Interview:  Frauenrechte im Iran

Frauenrechte im Iran wurden mit der Islamischen Revolution massiv eingeschränkt.

„Aktivitäten für Frauenrechte sind im Iran noch nie einfach gewesen“

Die iranische Friedensnobelpreisträgerin Dr. Shirin Ebadi bei der IGFM. Links im Bild Davoud Khodabakhsh, Journalist des Farsi-Dienstes der Deutschen Welle.

Frau Dr. Ebadi, sie sind eine iranische Frauenrechtlerin der ersten Stunde. Sie sind auch Mitgründerin der 1-Million-Unterschriften Kampagne. Jede Art von Menschenrechtsarbeit im Iran ist schwieriger geworden. Viele Aktivisten sind entweder im Gefängnis oder haben das Land verlassen. Existiert die Frauenrechtsbewegung im Iran noch? Wie sieht die Frauenrechtsarbeit im Iran aus? Könnten Sie uns ein paar Beispiele nennen?

Dr. Ebadi: Mehr als 65% der Studierenden im Iran sind Frauen.
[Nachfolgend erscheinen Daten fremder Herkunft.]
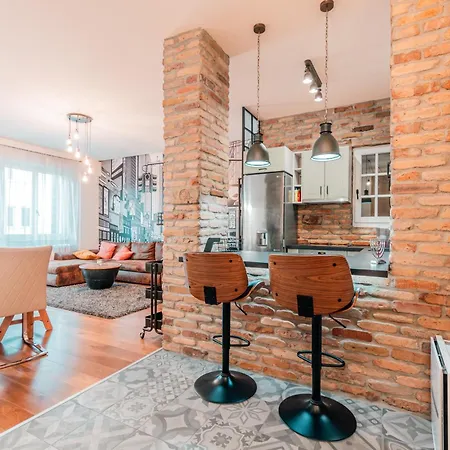 Ujlipotvaros Pearl 아파트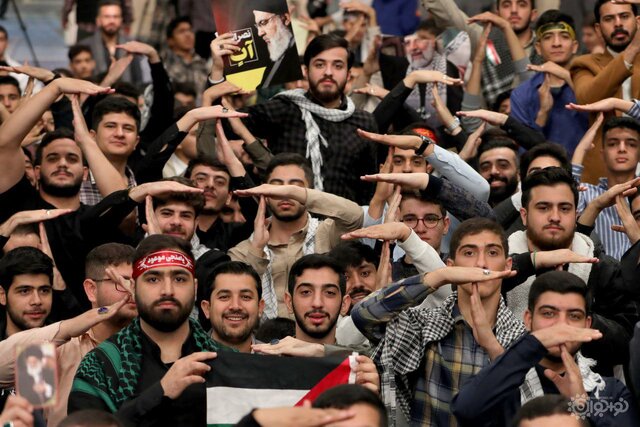 عکس/عمودی میآیید، افقی بر میگردید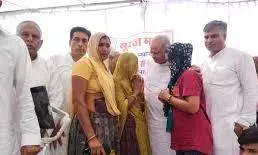 चित्तौड़गढ़: अशोक गहलोत ने सूरज माली के परिजनों से की मुलाकात, हर संभव मदद का दिया भरोसा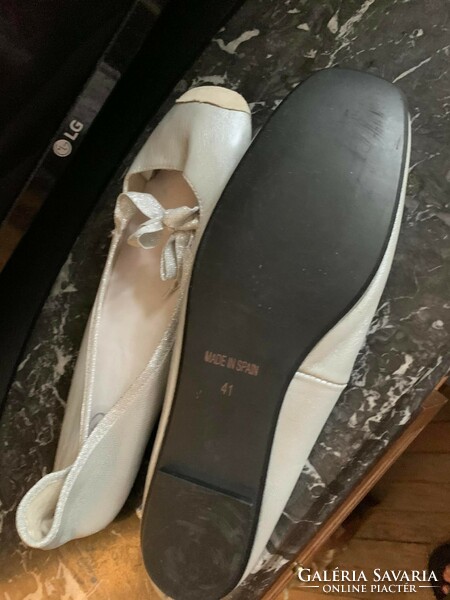 Silver colored leather ballerina shoes size 40.5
Sehr viele Lehrende unserer Universitäten sind Frauen. Frauen sind an sehr vielen gesellschaftlichen und politischen Aktivitäten beteiligt. Sie sind im iranischen Parlament seit über 50 Jahren vertreten – länger als die Frauen in der Schweiz. Trotz dieses hohen Bildungsniveaus und der gesellschaftlichen und politischen Präsenz, wurden nach der Iranischen Revolution Gesetze eingeführt, die den Frauen Grenzen und Hindernisse setzten. Doch natürlich sind die Frauen mit der Gesetzgebung nicht einverstanden, da sie ihren akademischen Vorstellungen entgegengesetzt ist.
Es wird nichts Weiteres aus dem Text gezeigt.